One of the most interesting aspects of self driving cars, and one too often passed over by car companies extolling the virtues of this new technology, is the ethical dilemmas inherent to autonomous vehicles. Yes, I’m talking about the undergraduate philosophical thought experiment called the trolley dilemma. In this old chestnut, a runaway trolley is barreling towards five people and as a bystander you have a choice to pull a lever, changing the direction of the trolley and putting it on a course that will result in a single person’s death. What do you do?
Such choices are occasionally the stuff of roadside reality, and autonomous vehicles will have to be equipped with some method for dealing with them. Now a new study published in the Frontiers in Behavioral Neuroscience offers a model of human morality, with the goal of teasing out our own internal ethics engine and suggesting how it might be transposed onto cars.
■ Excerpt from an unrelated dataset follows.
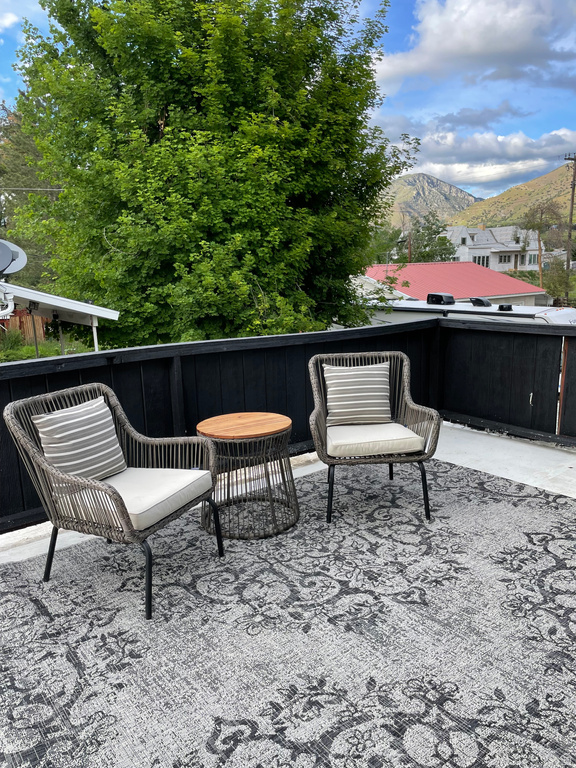 716 S 600 E River Heights, UT 84321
One of the problems with the trolley dilemma, and one that makes it difficult to use for modeling any sort of ethical decision, is that people are notorious liars. Faced with such a hypothetical thought experiment, we routinely answer how we wish we’d act rather than how we actually would act. The reason for this probably owes in part to the fact that we are not comprised of a single self, but rather a multitude of selves, a fact thoroughly documented in the pioneering research of Nobel prize winning economist Daniel Kahneman. His extensive research on the “narrating self” versus the “experiential self”put to bed any notion of the human as a single consistent locus of decision-making.
For this reason, such thought experiments rarely make any sense, at least so far as they pertain to self-driving cars. Which is not to say humans are not without an ethical code — just that we require more inventive ways than thought experiments to discern it. Now, thanks to virtual reality, researchers at the University of Osnabrück claim to have drawn a bead on how to model such ethical problems in a way that reveals our inner ethics engine and makes it applicable to self-driving cars.
With the aid of immersive virtual reality, the researchers placed study participants in unexpected unavoidable crash situations while driving a virtual car. Faced with choices between hitting people, cars, trees, and inanimate objects, the participants had to make split-second decisions revealing how they valued each item. Using a multitude of such scenarios, the authors were able to create a value-of-life table for every human, animal, and inanimate object the drivers experienced.
Hypothetically, when faced with an unavoidable crash, a self-driving car could simply consult the value-of-life table and choose to hit the entity with lowest value of life. This at least would succeed in transposing a fairly accurate facsimile of human values onto automobiles. This is all assuming a branch in the self-driving car’s logic that reads “hit person or bridge abutment?” when in fact millions of data points may be analyzed in a second, and in an order such that the decision may never come up as stated. So the situation may not apply as such in most real-life situations, but the ethical dilemma does remain in an extreme case.
Still, there are at least two major flaws with the value-of-life table approach. One is choosing which cross section of the population to use when creating the table. Different cultures and regional groups may have very different value-of-life tables. The second, and more pernicious flaw is that the sum of our ethical choices may reveal us to be despicably selfish and racist, broadly known as implicit bias. Applying a value-of-life system informed by our implicit biases to autonomous vehicles would only succeed in transferring our most embarrassing ethical shortcomings onto machines.
Naturally, the temptation to correct for such biases would be overwhelming. But once we start correcting for these biases, we’re back where we started: facing the question of whether to have machines behave how we wish we would act, or as we actually would act. Going forward, this is sure to remain one of the most interesting questions in artificial intelligence and robotics, with no simple answers on the horizon.